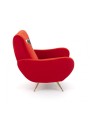 Fotel Seletti Revolver czerwony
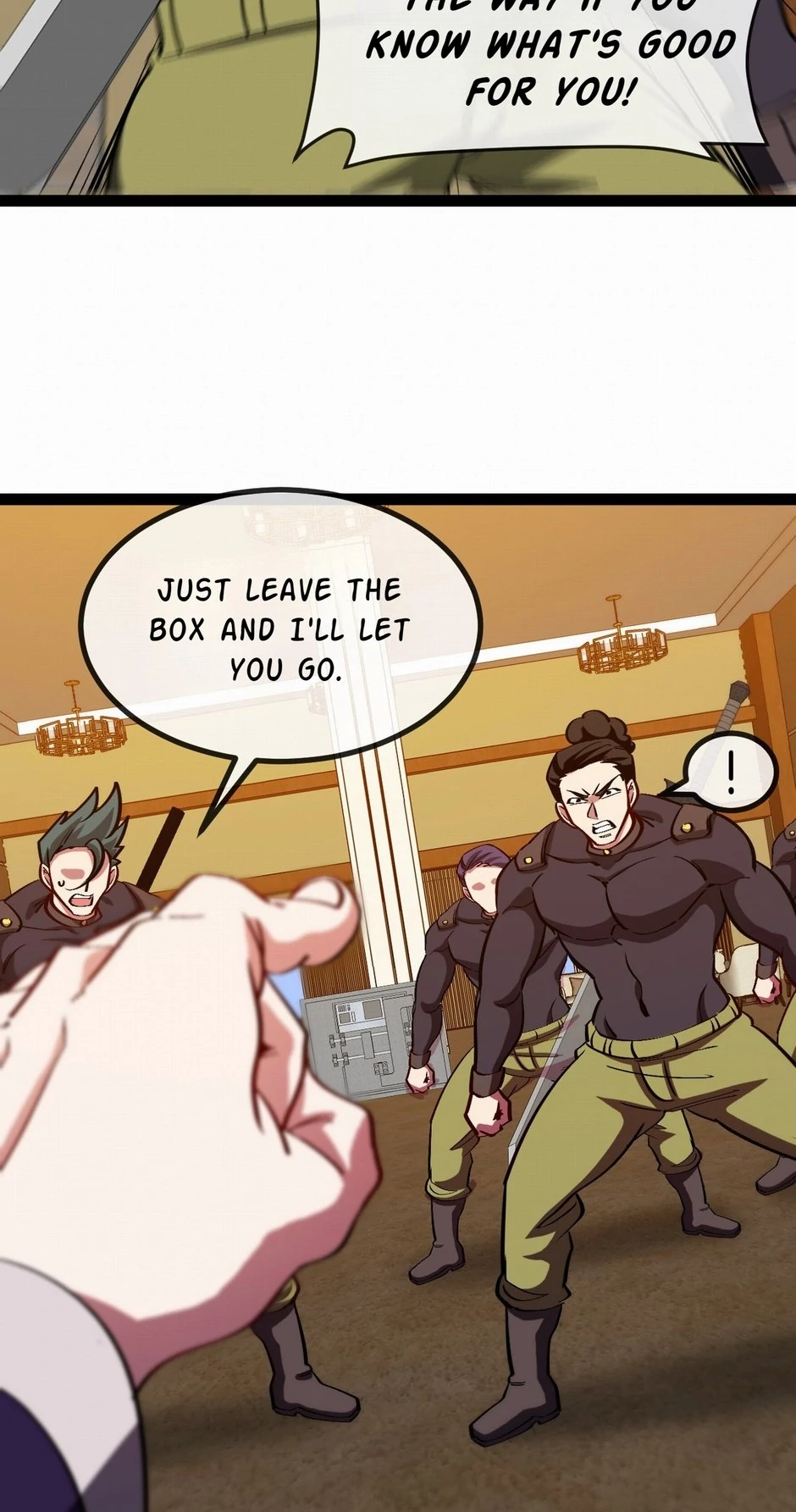 Divine Leveling System Chapter 133 - page 11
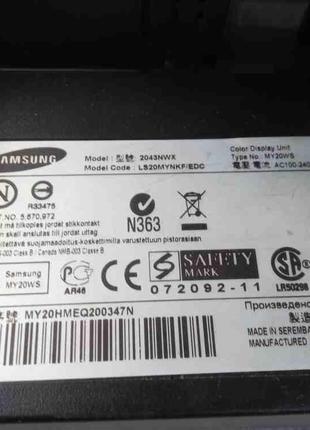 Монитор Б/У Samsung SyncMaster 2043NW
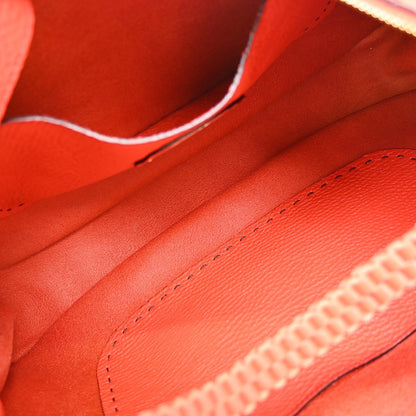 Fendi Selleria Tote Leather, Red, Leather, Handbag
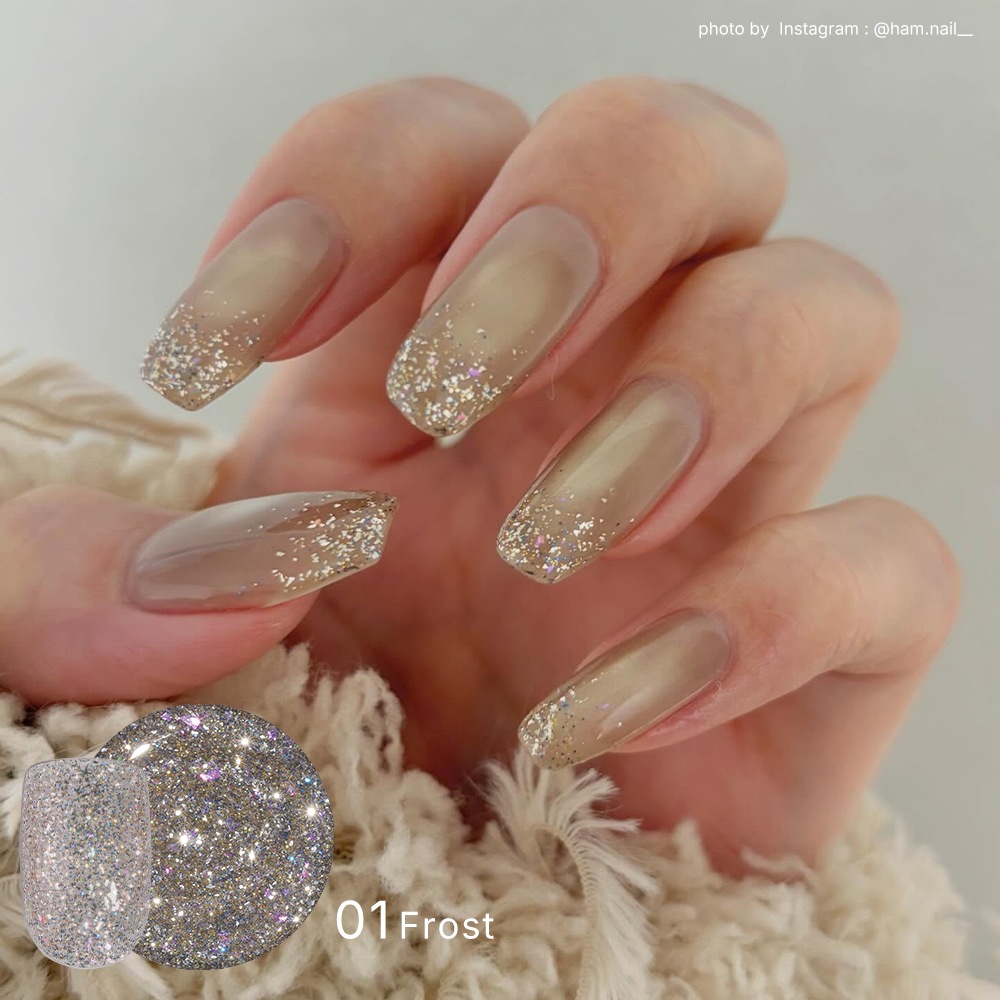 �ڥͥ��ݥ�����̵���ۥͥ��륿���󥸥��� ����å�����å��������� glace glitter ��6�� ��3g����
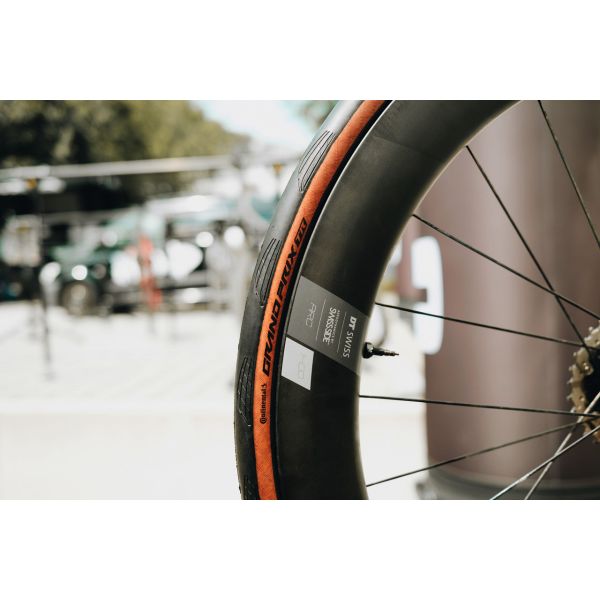 Continental fietsband grand prix tr 28 x 1,10 28-622 - zwart transparant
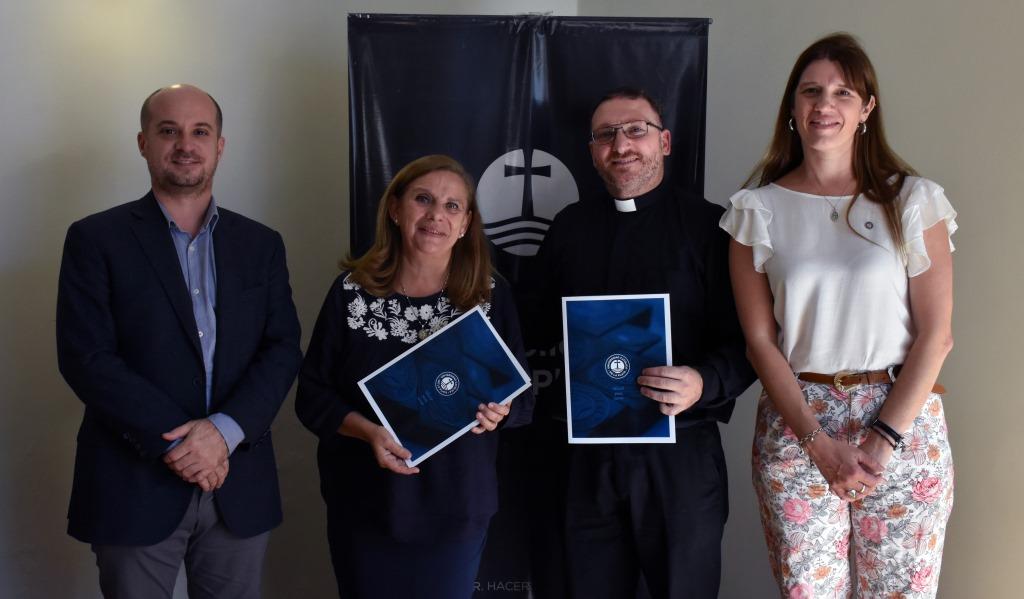 Convenio para la puesta en marcha del primer Centro de Aprendizaje y Servicio Solidario de la UCALP en un barrio de La Plata
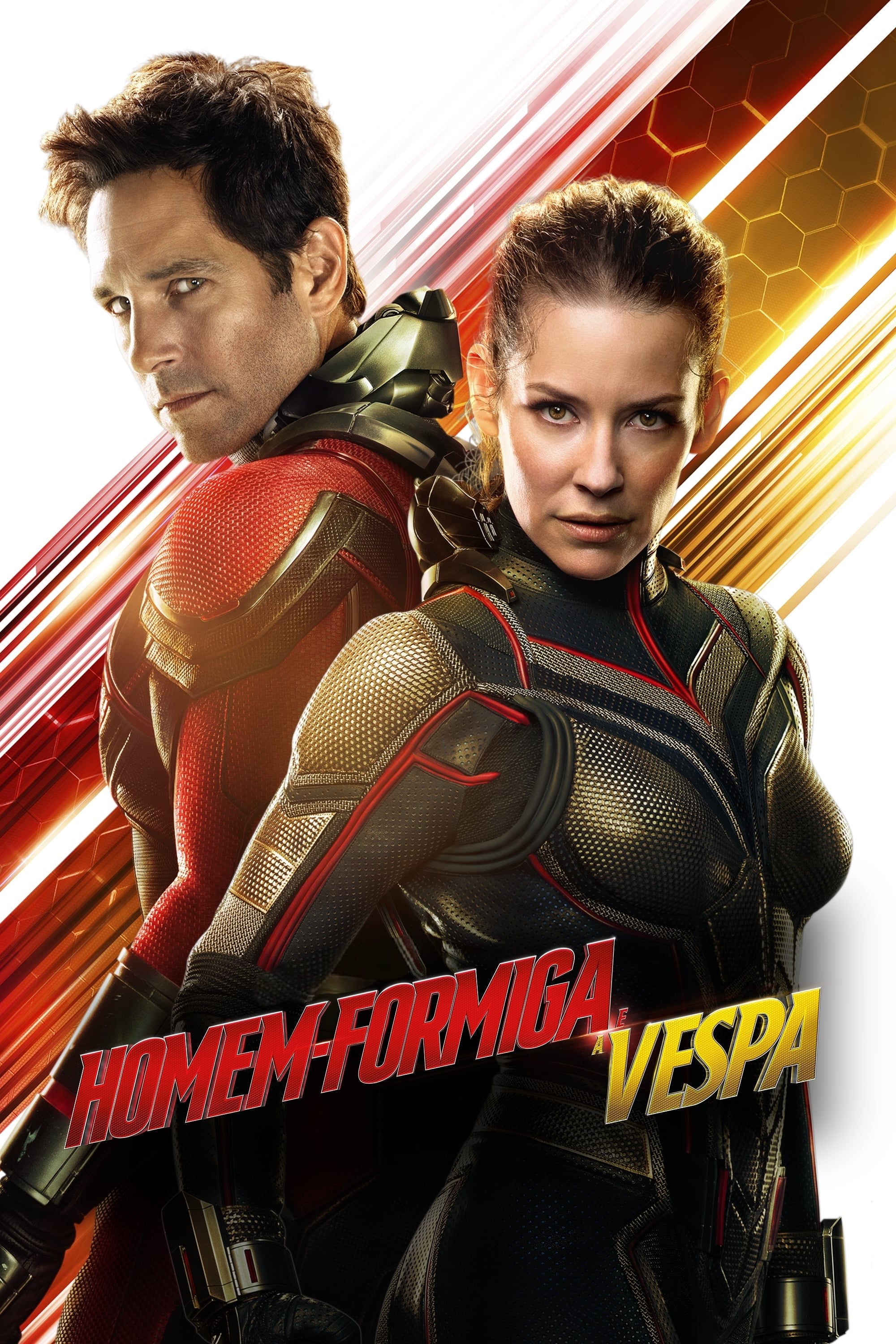 Homem-Formiga e a Vespa - Peyton Reed · 2018
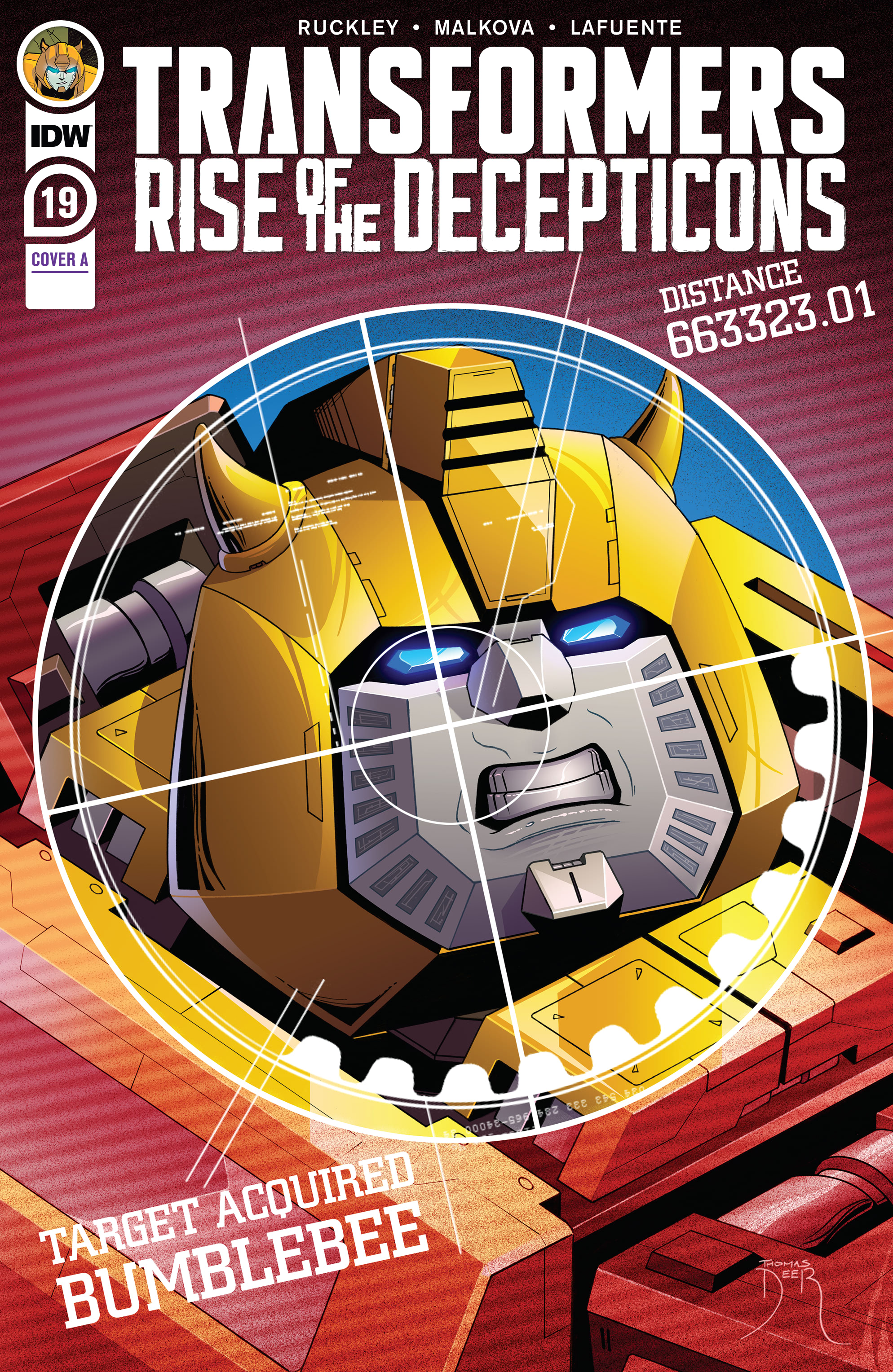 Read online Transformers (2019) comic -  Issue #19 - 1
* * * * * * * * *
Each entry should come back exactly as written, with its pictures omitted.

ANSWER BELOW —
 Fotel Seletti Revolver czerwony
 Divine Leveling System Chapter 133 - page 11
 Монитор Б/У Samsung SyncMaster 2043NW
 Fendi Selleria Tote Leather, Red, Leather, Handbag
 �ڥͥ��ݥ�����̵���ۥͥ��륿���󥸥��� ����å�����å��������� glace glitter ��6�� ��3g����
 Continental fietsband grand prix tr 28 x 1,10 28-622 - zwart transparant
 Convenio para la puesta en marcha del primer Centro de Aprendizaje y Servicio Solidario de la UCALP en un barrio de La Plata
 Homem-Formiga e a Vespa - Peyton Reed · 2018
 Read online Transformers (2019) comic -  Issue #19 - 1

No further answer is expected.